UR received a record number of applications again this year and admitted a much lower percentage than in previous years in an effort to bring the size of the freshman class back to normal levels after this year’s unusually large class.

“We had a record number of applications,” Dean of Admissions and Financial Aid Jonathan Burdick said. “Already we’re bigger than last year’s number by about one percent. That’s not a huge surge in applications, but it’s a healthy clip.”

This year’s large freshman enrollment prompted admissions officials to cut back on the number of applicants they chose to accept. As a result, they admitted seven percent fewer applicants than last year. The percentage of applicants waitlisted decreased by 10 percent.

“Last year we enrolled too many freshmen and this year the goal is to reduce that number,” Burdick said. “We actually denied about 20 percent more altogether.”

Despite efforts to reduce the size of next year’s freshman class, early figures point to another large freshman class. A high percentage of accepted applicants are choosing to enroll, although not all have made their decision at this time. For the past few years, around 18 percent of admitted students chose to enroll, but this year’s accepting yield will likely be 20 percent, according to Burdick.

“UR overlaps and competes with the best universities in the country and the students that are applying here are usually applying to six, seven, eight, sometimes 10 or 12 other colleges,” Burdick said. “We’re obviously admitting the best and it’s nice to have an increasing percentage say that this is their first choice, this is where they’d rather be.”

Although diversity is a general goal of UR, according to Burdick, he does not see applications from minority groups increasing as much as from traditional groups, which has led to difficulty in increasing the diversity among next year’s freshmen compared to past years.

“We’re getting an increase in applicants, for instance, from places like Westchester County, Long Island and the west side of Boston and that’s a good thing in that a lot of people are talking about Rochester but it does water down the percentage of students that we have traditionally recruited and worked very hard with from inner-city Rochester, inner-city New York City,” Burdick said. “If you were looking for a steady march of progress toward looking more and more like the entire range of diversity that is true of the United States, I don’t know that we’re going to make that step every year.”

On top of the usual challenges with the admissions process, this year colleges throughout the nation had to deal with sweeping scoring errors on the College Board’s SAT, many of which were not realized until mid-March.

While UR received many applications with improperly scored SAT results, admissions decisions for those applicants were not changed after UR received the correct scores, despite some scoring errors as high as 300 points.

“We don’t let scores play that big of a role,” Burdick said. “We really know a lot more about these students than just the scores. We got more than 50 scores that had been of error from the October sitting. We went back and checked all the students to see if we had known that this was their score would we have made a different decision and I was very glad to see that not in a single case would we have changed the decision.”

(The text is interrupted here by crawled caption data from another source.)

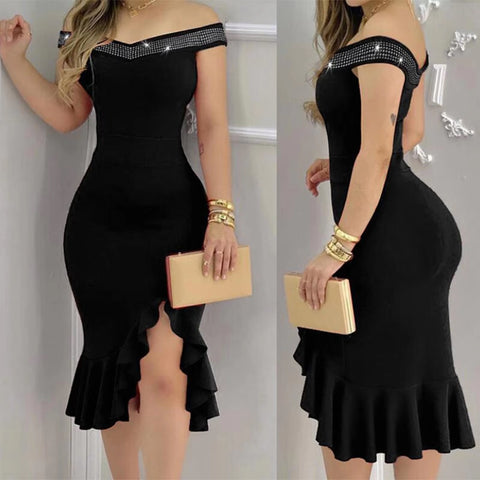 New Casual Summer Plain Shoulder Loose Solid Ruffle Mini Dress CODE: KAR3476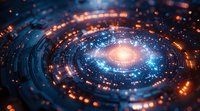 Glowing spiral galaxy with orange and blue light effects, cosmic energy vortex against dark background, abstract space design with luminous center point.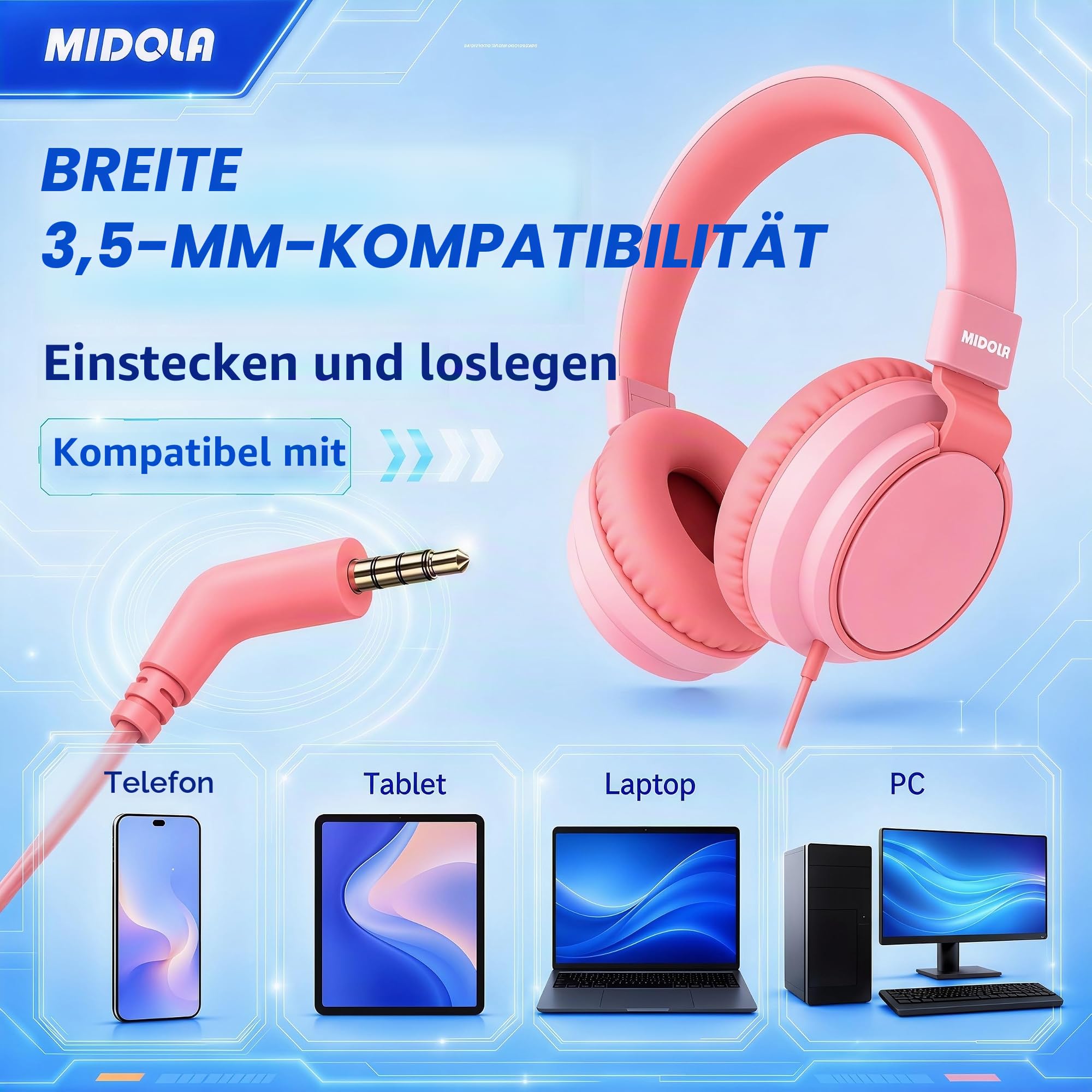 MIDOLA Kinderkopfhörer, kabelgebunden, Lautstärkebegrenzung 85/96 dB, Over-Ear/On-Ear, faltbares Headset mit Inline-Kabel, AUX-3,5-mm-Kabelmikrofon für Kinder, Jungen und Mädchen, Rosa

UR also decided not to use the SAT’s new essay writing section.

“We decided a long time ago that we weren’t going to explicitly use the new writing test,” Burdick said. “We’re going to give it a couple of years to understand how it corresponded with success once students got to campus.”

Admitted students have been touring UR over the past few weeks for Spring Open Campus, which will continue through Friday.

“It’s been exceptional,” Burdick said. “We put the [UR] students at the forefront at a lot of events, which is something we’re told a lot of other universities don’t do. They just have deans and administrators and faculty do all the talking and students aren’t around as much while here the students are right at the center of what we do.”